A team of Afterlights stood it upright at the very edge of the deadspot and opened it, revealing that the shelves inside had been removed.

“Consider it a protective shell,” Mary told her. “A more civilized way to send you to the center of the earth.” Then she glanced over at Clarence, who still had not stirred. “It would be cruel of me, though, to send you down without making sure you understood that it was not my intention to kill, or even hurt, your friend the scar wraith. We did need him unconscious, however. You see, he’ll be doing something very important today. Something terrible, but also something wonderful. It is my belief that the good far outweighs the bad.”
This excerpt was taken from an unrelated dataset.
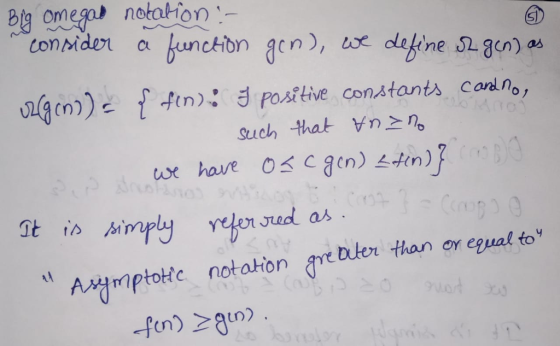 Bly omegob nolation:- conxder a unckibn gcn), ux dlagine 51.gm) OLam), S2aun) as card no , {f(n) : ฮื Positive constant Such that Vnen as mptotlc notation are bler than or egual to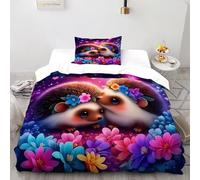 Erizos Flores Funda De Edredón 2 Piezas 3D Impresa Cute Garden Critters con Cremallera Y Funda De Almohada Single（135x200cm） Microfibra Ropa De Cama para Adultos Y Niñas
And then she called for Milos.

Shuffle. Deal three. Toss, toss, toss. Choose.

The Three of Clubs.

Shuffle. Deal three. Toss, toss, toss. Choose.

The Nine of Diamonds.

Shuffle. Deal three. Toss, toss, toss. Choose.

The deck is missing the Jack of Spades.

He knew not because he counted the deck, but because it was the only card that never came up when he played Three Card Monte. It disturbed him that something could cross into Everlost incomplete. What disturbed him more, however, was that the missing Jack of Spades was a one-eyed jack. There were only two of them in a deck; the Jack of Spades and the Jack of Hearts. Although it terrified him for reasons he had entirely forgotten, the whole purpose of his game was to find them. Fear overtook him every time he chose one of the three cards to flip. Terror overwhelmed him when that card turned out to be the Jack of Hearts, with that evil eye peeking out sideways at him. And then such intense relief when he shuffled it back into the deck, only to start looking for it once again.